There’s a nice trick we can use to speed up our command line life, called tab completion. The tab key is your best friend in UNIX; it is similar to how Google will try and autocomplete text for you while you’re typing into the search bar. If you start typing a filename in UNIX, and press the tab key, UNIX will try to complete the filename or path for you as long as it is unique.

We want to change directories into Lab1 now using the cd command, but we also want to be lazy. We could type out the full command:

cd Lab1

Or, we could just type:

cd La

and then press the tab key to complete the word. Try it, and press enter to execute the cd command.

Did it work? Use pwd to see where you are.

This trick works with just about anything you’re typing, like programs, filenames, scripts, and commands.

Task B: Download the Arabidopsis thaliana genome from TAIR

Arabidopsis is a powerful model for plant biology. It is not perfect, and is not useful in every situation. After all, there are >300,000 species of land plants on the planet, so how could one species possibly be useful to understanding another?

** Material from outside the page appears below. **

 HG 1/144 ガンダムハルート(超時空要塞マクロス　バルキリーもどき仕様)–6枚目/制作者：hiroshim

Arabidopsis thaliana plant

Image source: Plantlet.org, Credit: Eric Belfield

Step 1. Download the genome for Arabidopsis thaliana

The unix command wget allows us to fetch data from servers. Not every UNIX command means something, but wget’s name is derived from World Wide Web + get = wget. Here’s how we use it:

wget https://www.arabidopsis.org/download_files/Genes/TAIR10_genome_release/TAIR10_chromosome_files/TAIR10_chr_all.fas

That’s it, just two parts: wget [path-to-what-we-want-to-fetch]

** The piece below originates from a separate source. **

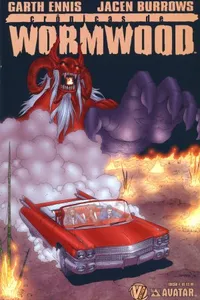 Crônicas de Wormwood nº 4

Step 2. Let’s see what the genome looks like

Use the command less to open up the FASTA file:

less TAIR10_chr_all.fas

This is what FASTA format looks like. FASTA format contains two major parts:

  1. A header that starts with “>” and includes information about

  2. The sequence on the next line(s). Sometimes the header can have information about the chromosome number (as you see here). Other genomes are not so perfect, and might be in hundreds or thousands of pieces.

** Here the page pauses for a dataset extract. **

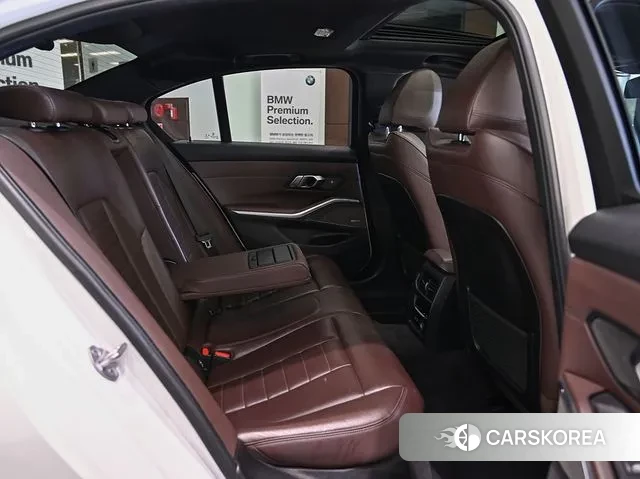 BMW 3 Series (G20) id 3541186 из Кореи 7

Just like in Microsoft Word, you can use another UNIX program to find words or characters. This is really helpful if we just want to look at every line that has a FASTA header with the “>” character.

grep ">" TAIR10_chr_all.fas

The Arabidopsis genome is incredibly high quality, since people have been improving it for nearly 20 years. You should see FASTA headers for 5 nuclear chromosomes, one chloroplast genome, and one mitochondrial genome.

Step 3. View gene annotation sequences in a FASTA file

Use your new set of UNIX vocabulary to download the peptide sequences for Arabidopsis. Here’s the link:

https://www.arabidopsis.org/download_files/Sequences/Araport11_blastsets/Araport11_genes.202106.pep.fasta.gz

This file ends in “.gz”. This means that it is compressed using a program called gzip. This is a very common and nifty compression tool, just like .zip files on Windows and MacOS. To decompress this file, all we need to do is:

gzip -d filename

The -d flag means “decompress”. What if we want to compress something?

gzip filename

Mastering Content

Step 1

Count the number of genes in the Arabidopsis peptide fasta file.

Hint: You know how to use grep now. Is there a flag you can add to grep that will count things for you? Use man and/or Google. If you get stuck, rely on your colleagues, friends, and classmates in the discussion forum — this is real life, after all.

Step 2

Plants have canonical repeat motifs at their telomeres, usually “CCCTAAA” for most monocots and eudicots (side note: monocots in the Asparagales order often have “CCCTAA” telomere repeats, like humans).

Count the number of times that the string “CCCTAAA” occurs in the genome fasta file. Is this a robust way to measure of the length of telomeres in Arabidopsis?